▶ _Brief_
Pictures excluded, reproduce exactly the lines below from the one with "最佳男配角:郭京飞《都挺好》,最佳女配角:童谣《大江大河》,恭喜实" through the one with "Indian Rocks Beach, Florida, 33785, United", both included.

▶ _Data for this task_
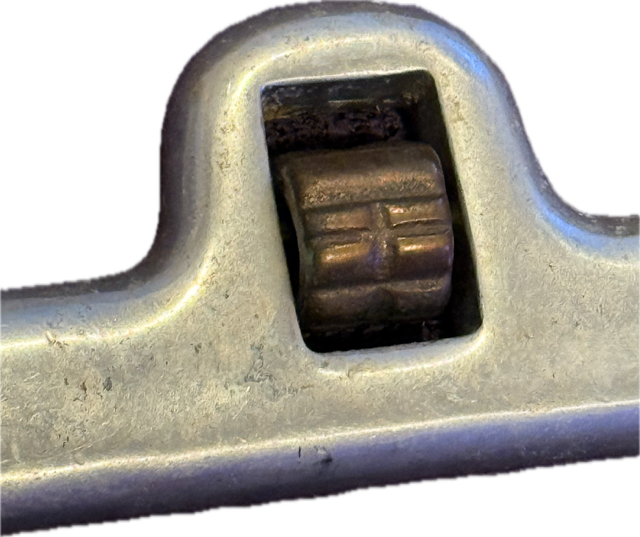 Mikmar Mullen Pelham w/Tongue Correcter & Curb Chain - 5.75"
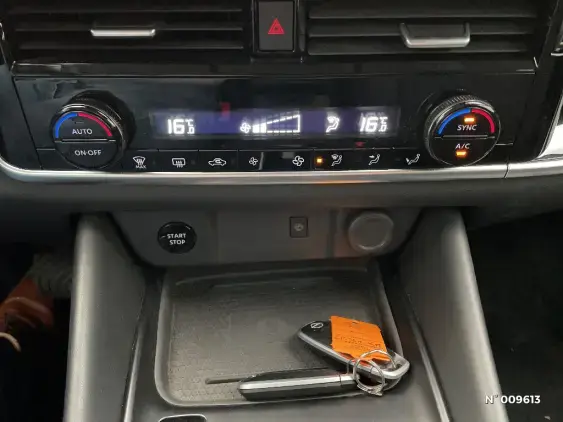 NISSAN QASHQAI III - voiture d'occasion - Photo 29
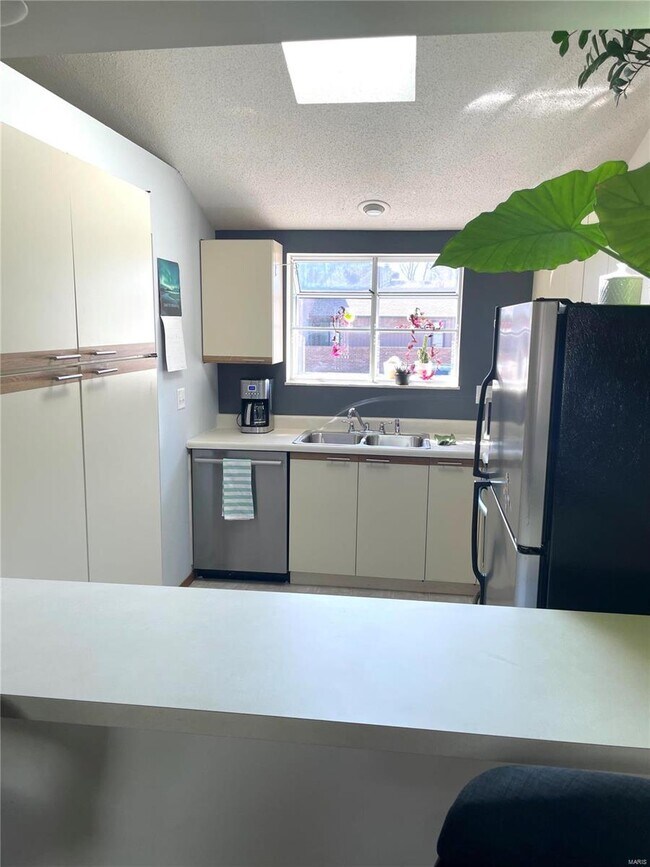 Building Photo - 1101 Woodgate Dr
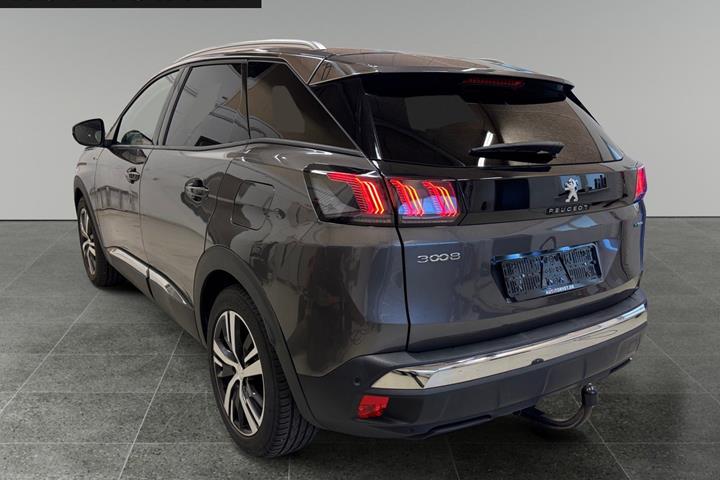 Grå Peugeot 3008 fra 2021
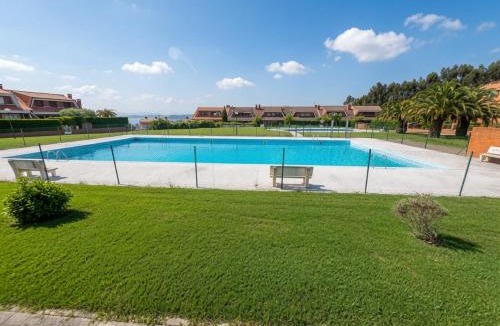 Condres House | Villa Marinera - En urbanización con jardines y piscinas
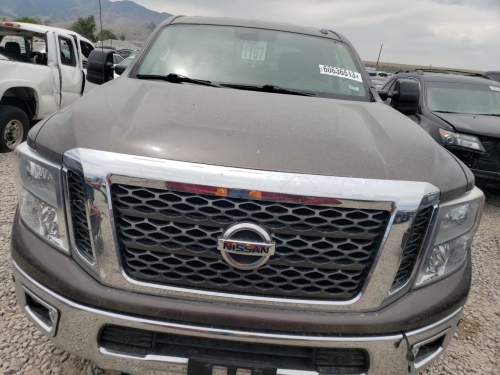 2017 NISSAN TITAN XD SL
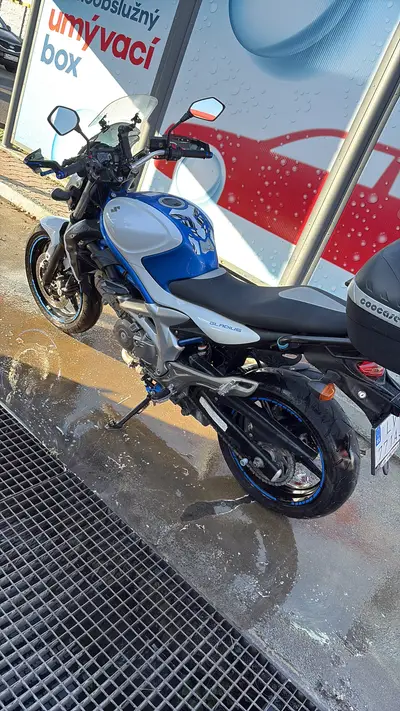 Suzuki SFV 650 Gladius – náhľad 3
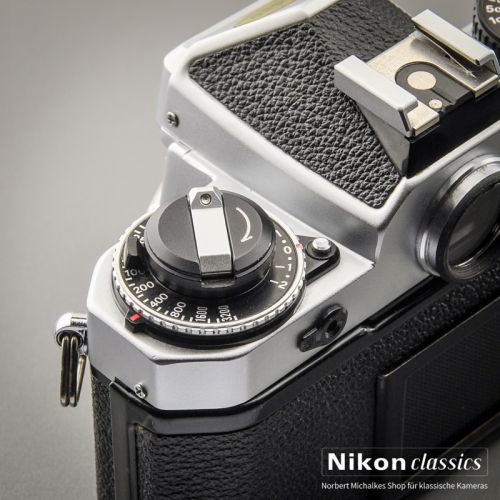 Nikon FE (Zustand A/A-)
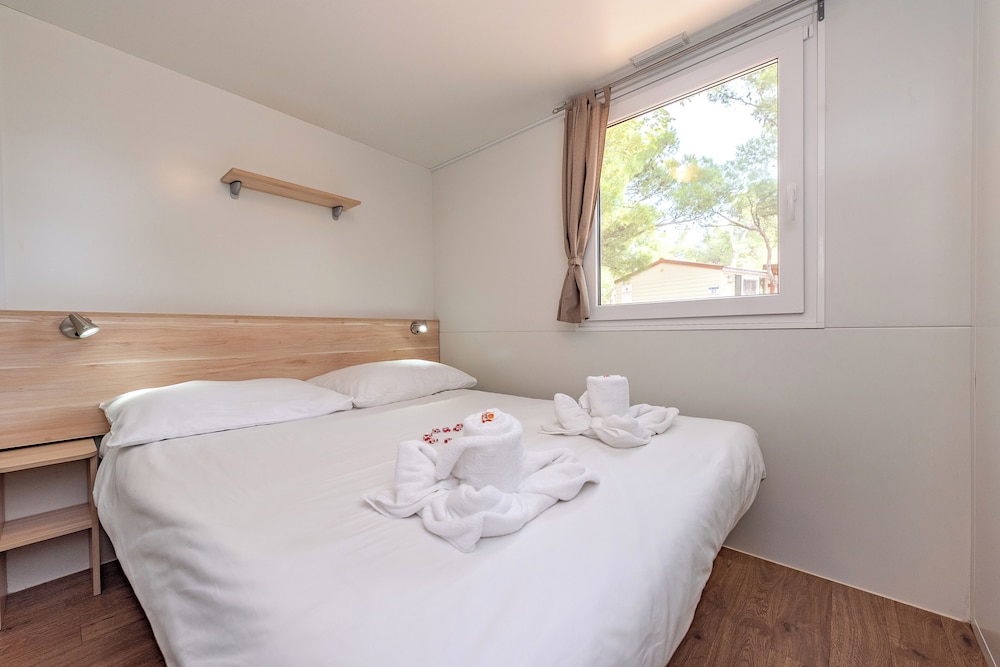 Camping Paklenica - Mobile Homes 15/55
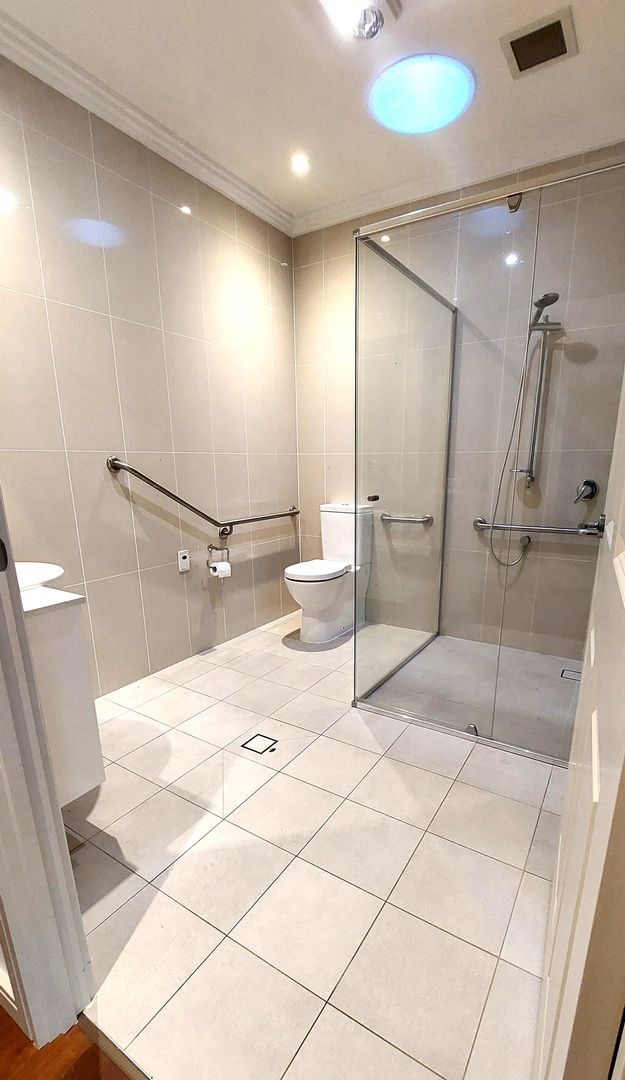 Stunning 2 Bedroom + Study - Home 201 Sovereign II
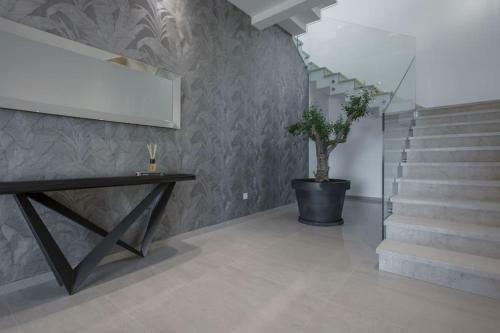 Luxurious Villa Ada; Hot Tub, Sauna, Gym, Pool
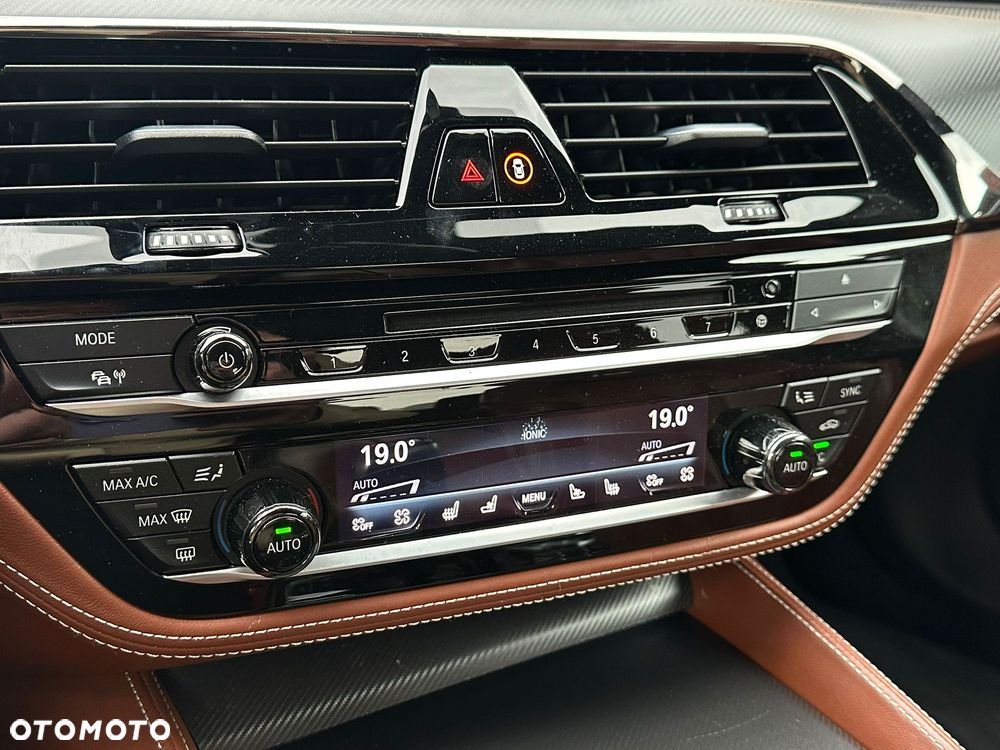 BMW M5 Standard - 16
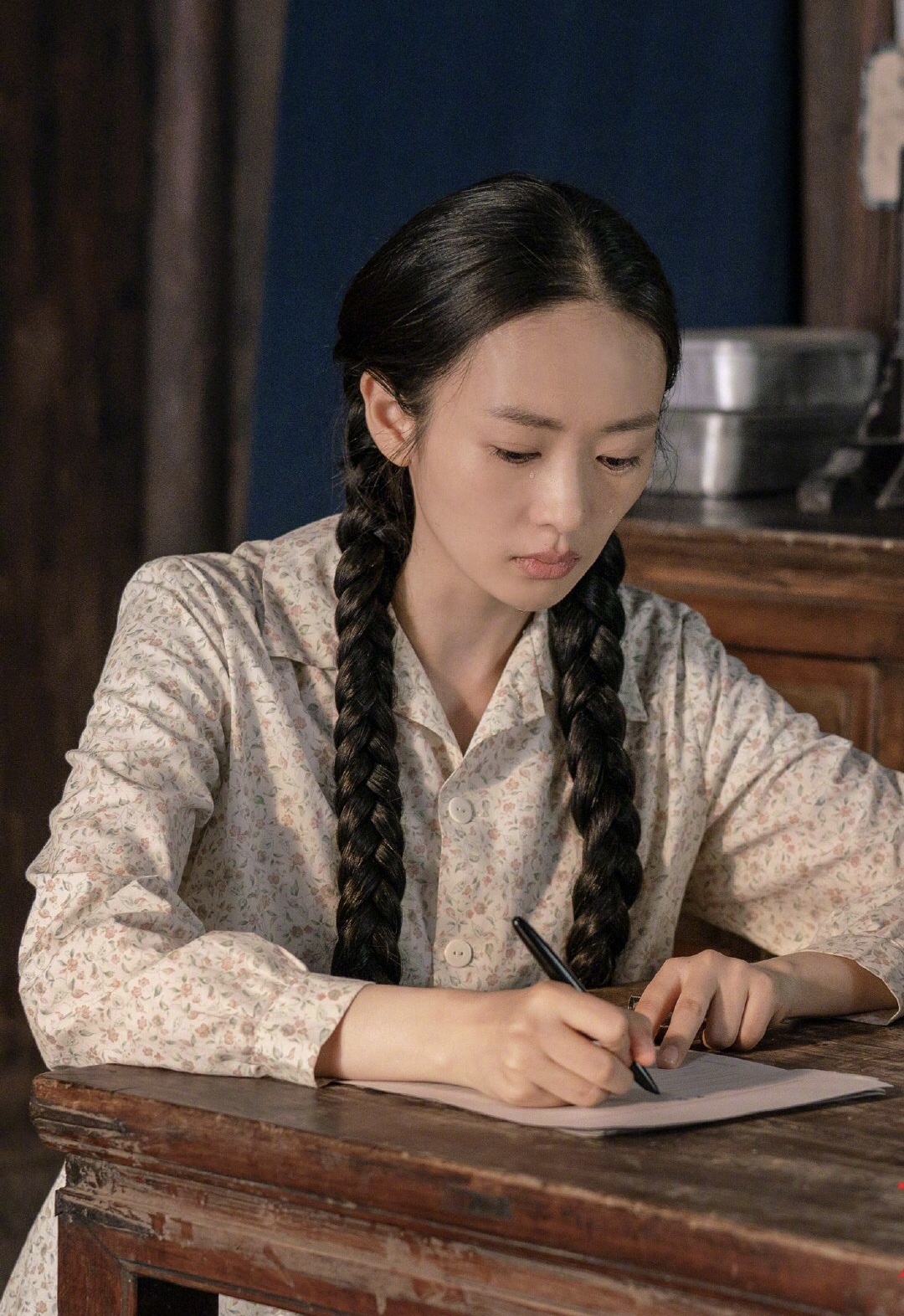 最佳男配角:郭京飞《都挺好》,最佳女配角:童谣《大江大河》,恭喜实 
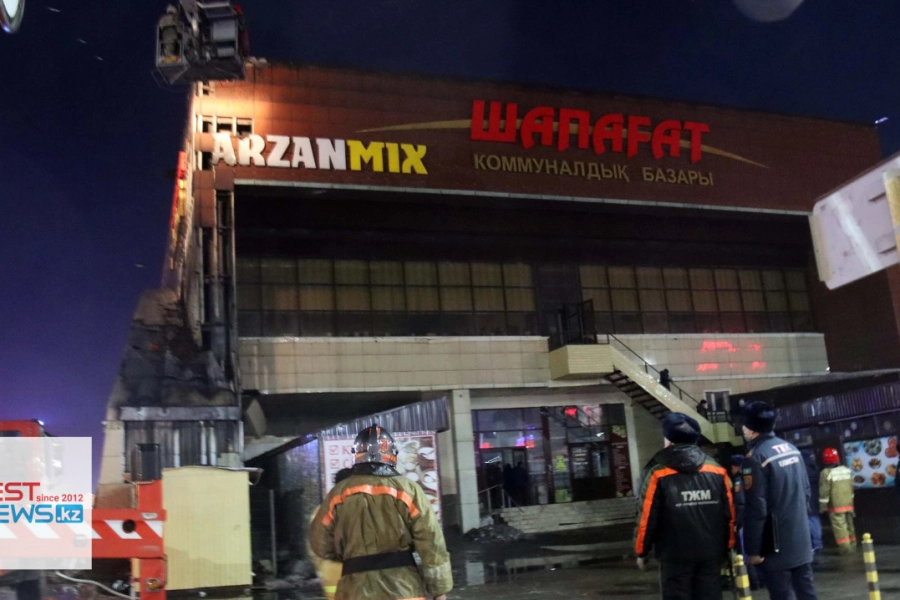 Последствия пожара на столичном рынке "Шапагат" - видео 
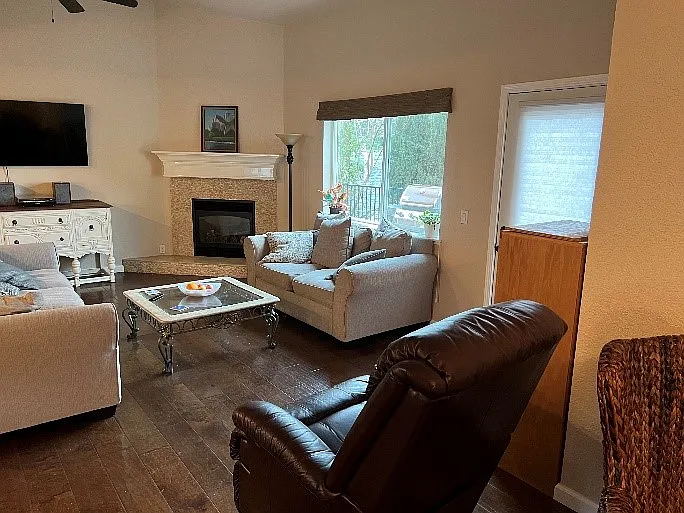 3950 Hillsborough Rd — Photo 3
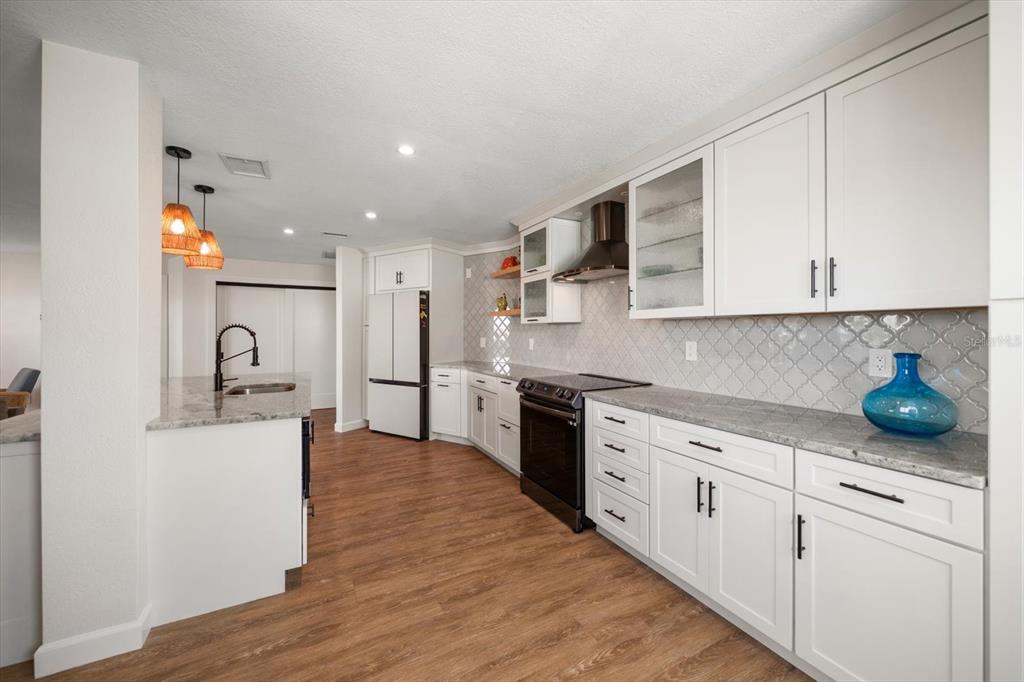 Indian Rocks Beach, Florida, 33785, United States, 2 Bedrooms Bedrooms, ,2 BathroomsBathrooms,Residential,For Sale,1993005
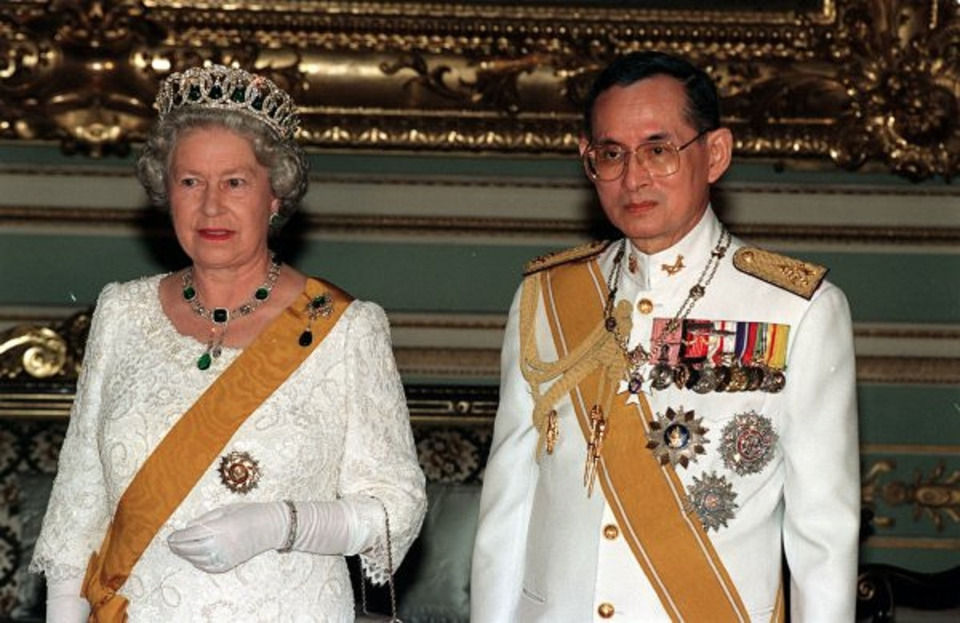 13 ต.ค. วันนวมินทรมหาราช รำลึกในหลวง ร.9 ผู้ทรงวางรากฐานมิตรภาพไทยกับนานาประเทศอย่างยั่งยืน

▶ _Task output_
 最佳男配角:郭京飞《都挺好》,最佳女配角:童谣《大江大河》,恭喜实 
 Последствия пожара на столичном рынке "Шапагат" - видео 
 3950 Hillsborough Rd — Photo 3
 Indian Rocks Beach, Florida, 33785, United States, 2 Bedrooms Bedrooms, ,2 BathroomsBathrooms,Residential,For Sale,1993005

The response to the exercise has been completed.